The expected answer is a verbatim transcription of the lines below, beginning with the first and ending with the line that holds "Комплектация набора порадует", without pictures.

BEGIN INPUT DATA

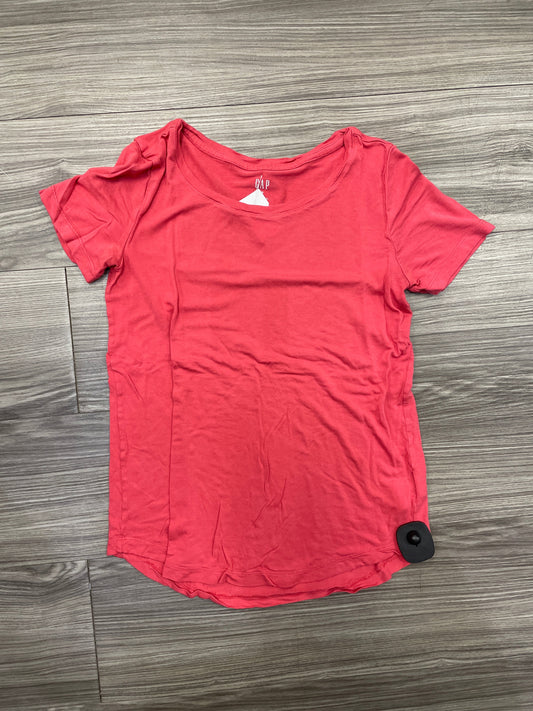 Top Short Sleeve By Gap In Red, Size: Xs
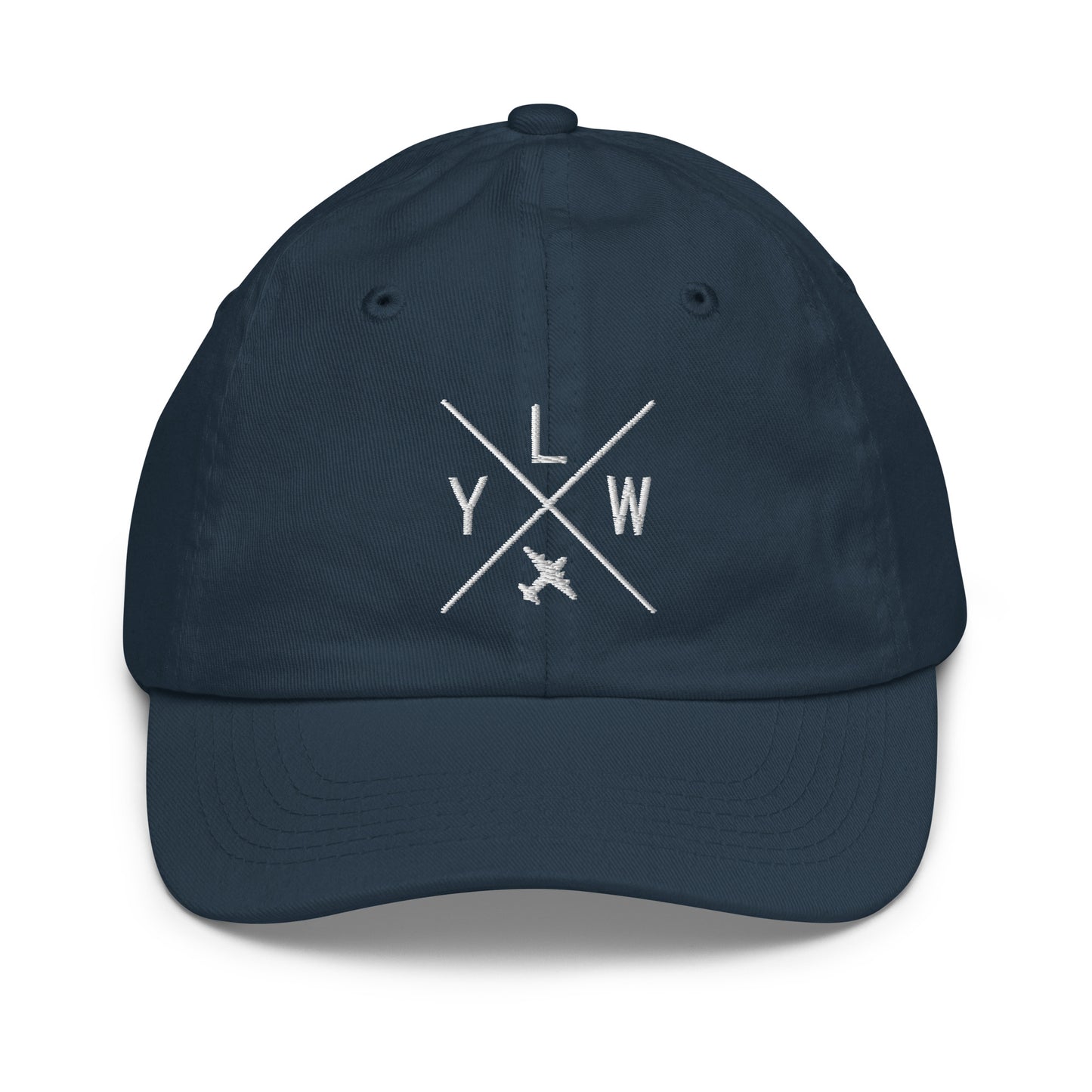 Crossed-X Kid's Baseball Cap - White • YLW Kelowna • YHM Designs - Image 14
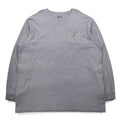 Carhartt T-shirt a maniche lunghe con taschino, vestibilità ampia, 3XL, grigio, LOOSE FIT HEAVYWEIGHT LONG-SLEEVE POCKET T-SHIRT K126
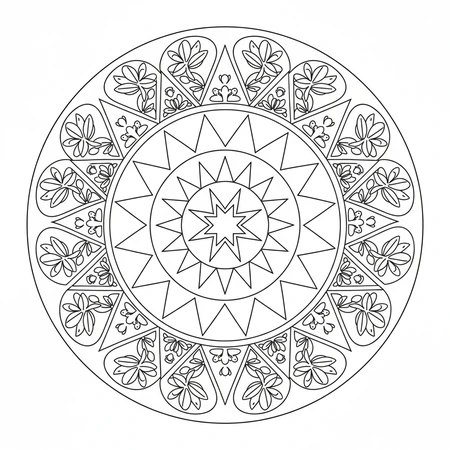Mandala Formes Géométriques Simple #49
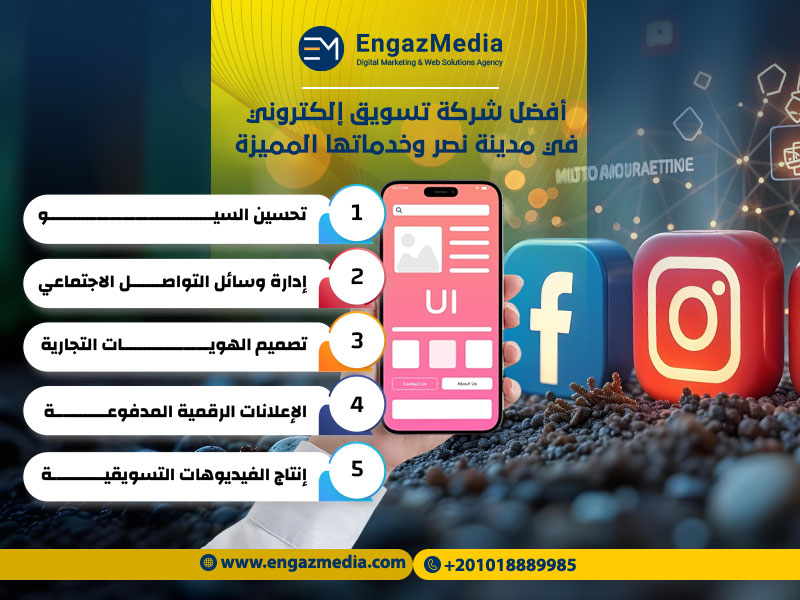 أفضل شركة تسويق إلكتروني في مدينة نصر وخدماتها المميزة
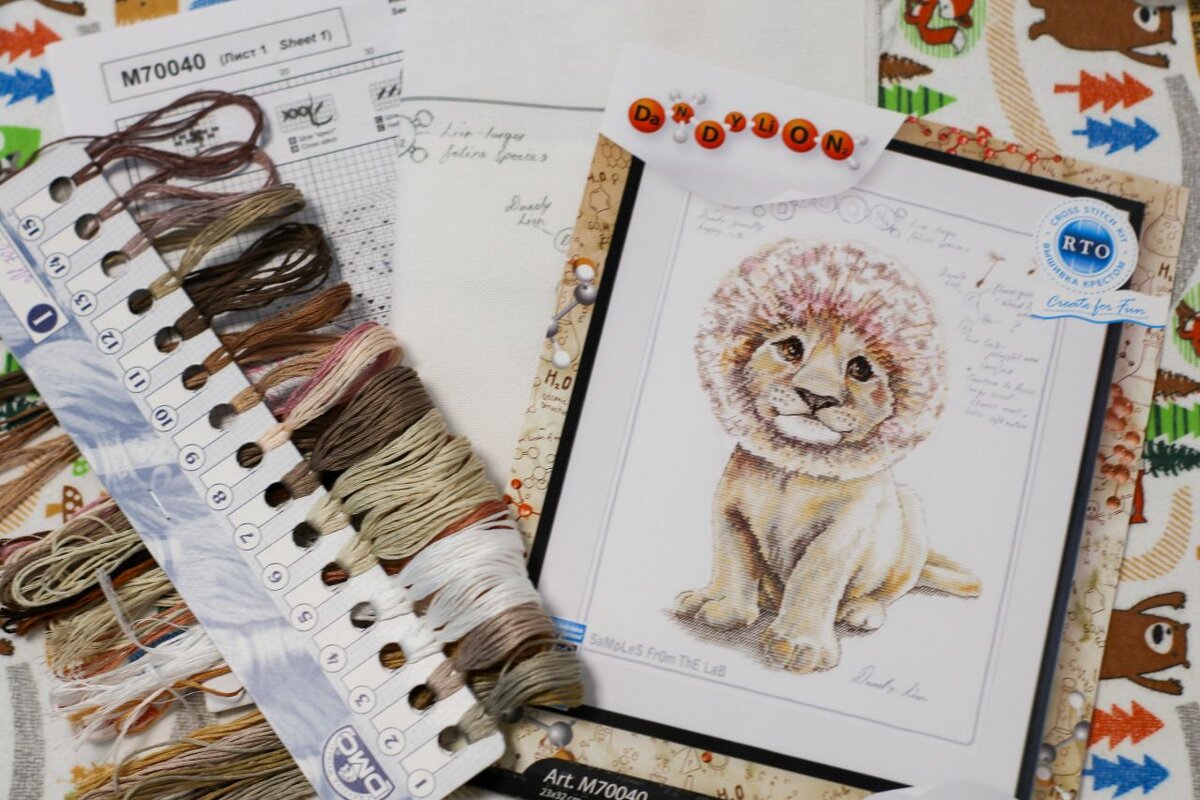 Комплектация набора порадует даже самых привередливых рукодельниц. Фото автора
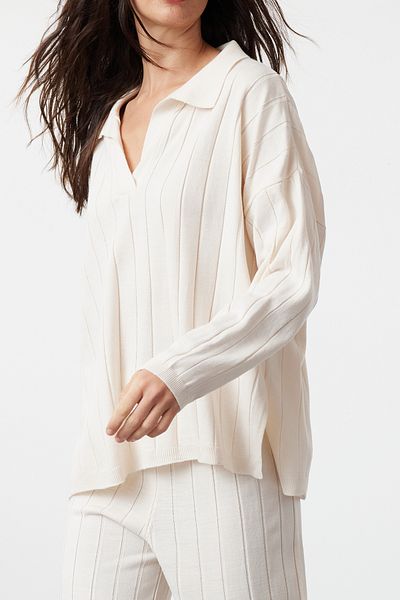 Trendyol Collection Széles formájú kő színű kötöttáru szett - TWOAW24AU00092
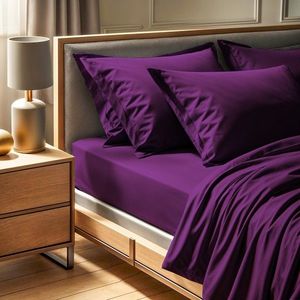 Cearceaf de pat cu elastic Ranforce Double (FR) (IT) (ES) (DE), L'essentiel Maison, Tonne Viole, Mov imagine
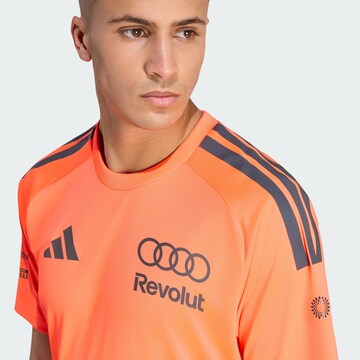 T-Shirt fonctionnel 'Audi Revolut F1' ADIDAS PERFORMANCE en orange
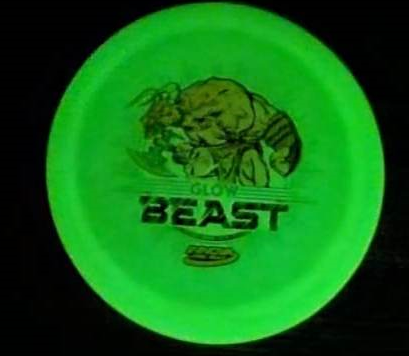 Load image into Gallery viewer, Innova Beast Distance Driver Blue w/ Custom Hand Filled Stamp - DX Glow 175g
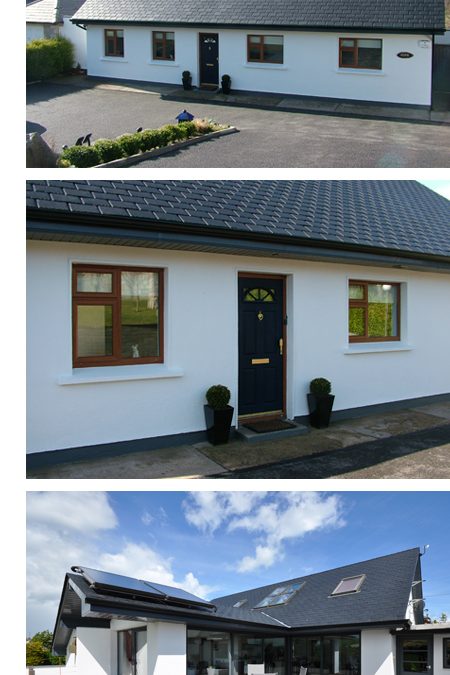 Timber Frame Dwelling Upgrade, Wicklow – Completed Images, External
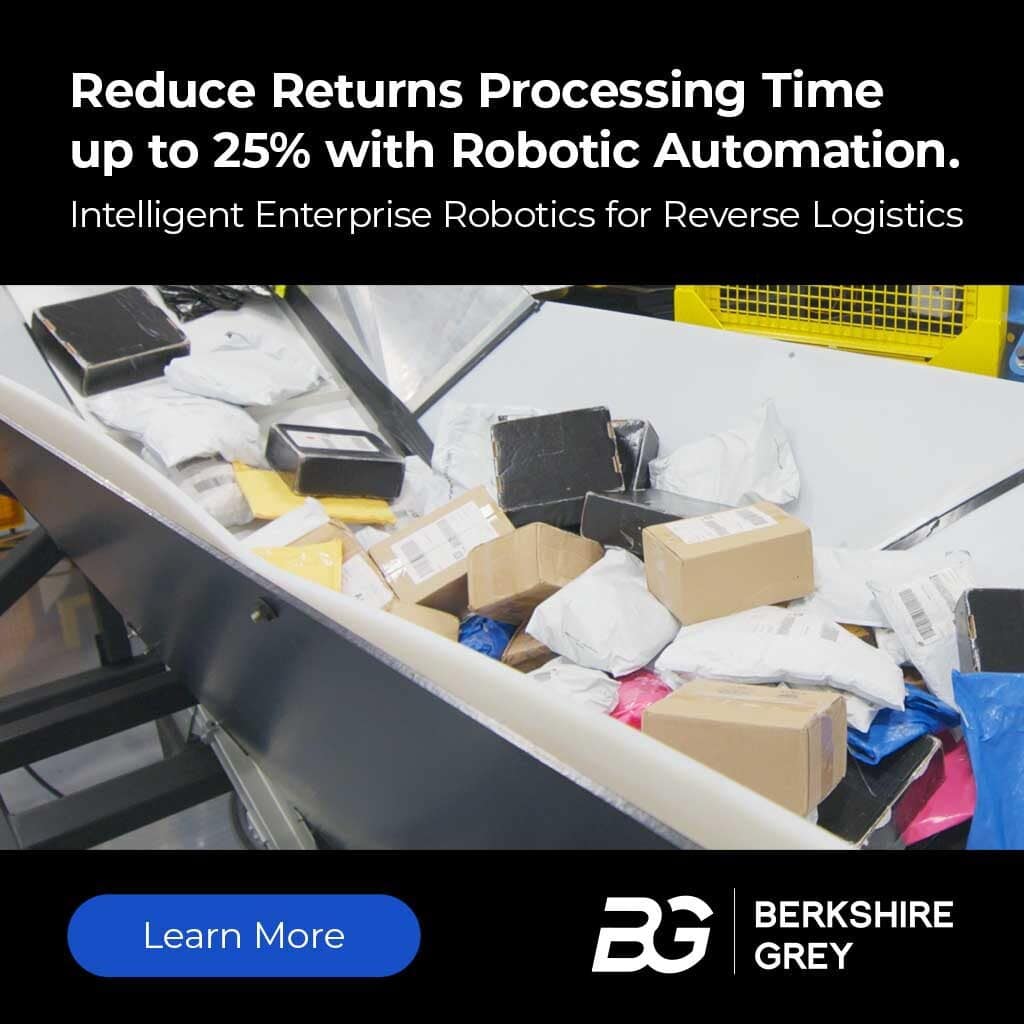 Reduce Returns Processing Time
up to 25% with Robotic Automation.Intelligent Enterprise Robotics for Reverse Logistics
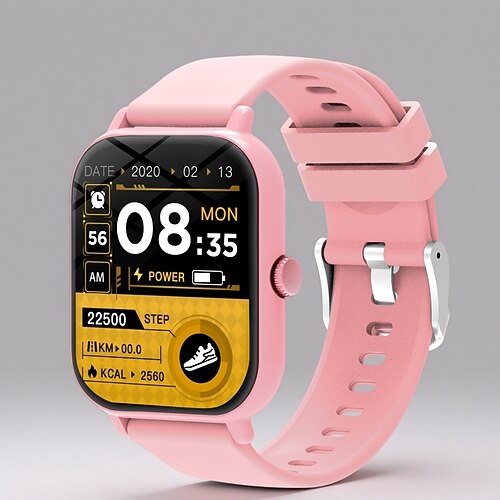 Smartwatch für Damen und Herren (Anrufe tätigen/annehmen), Fitness-Tracker mit individuell gestaltbaren Hintergrundbildern, Herzfrequenz- und Schlafüberwachung, Wettervorhersage, Schrittzähler, IP68 Image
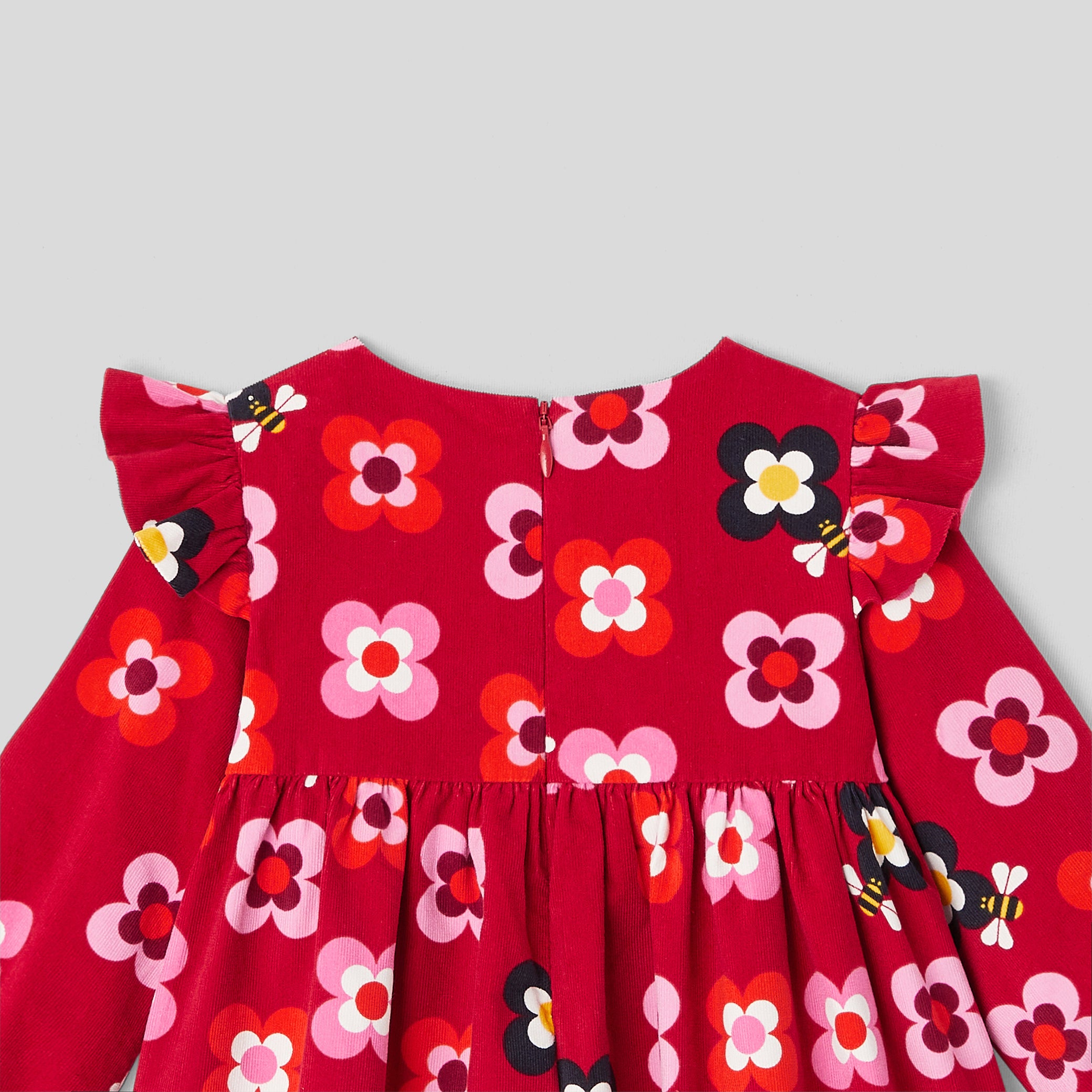 Toddler girl velvet dress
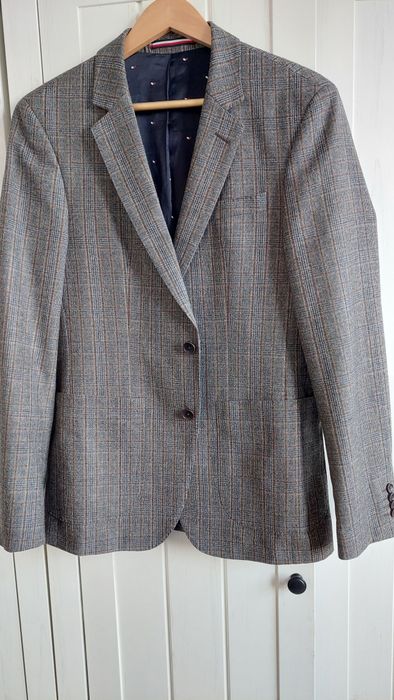 Marynarka wełniana, Tommy Hilfiger r.S wełna, kratka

END INPUT DATA

- [EXERCISE ANSWER]
 Top Short Sleeve By Gap In Red, Size: Xs
 Crossed-X Kid's Baseball Cap - White • YLW Kelowna • YHM Designs - Image 14
 Carhartt T-shirt a maniche lunghe con taschino, vestibilità ampia, 3XL, grigio, LOOSE FIT HEAVYWEIGHT LONG-SLEEVE POCKET T-SHIRT K126
Mandala Formes Géométriques Simple #49
 أفضل شركة تسويق إلكتروني في مدينة نصر وخدماتها المميزة
 Комплектация набора порадует даже самых привередливых рукодельниц. Фото автора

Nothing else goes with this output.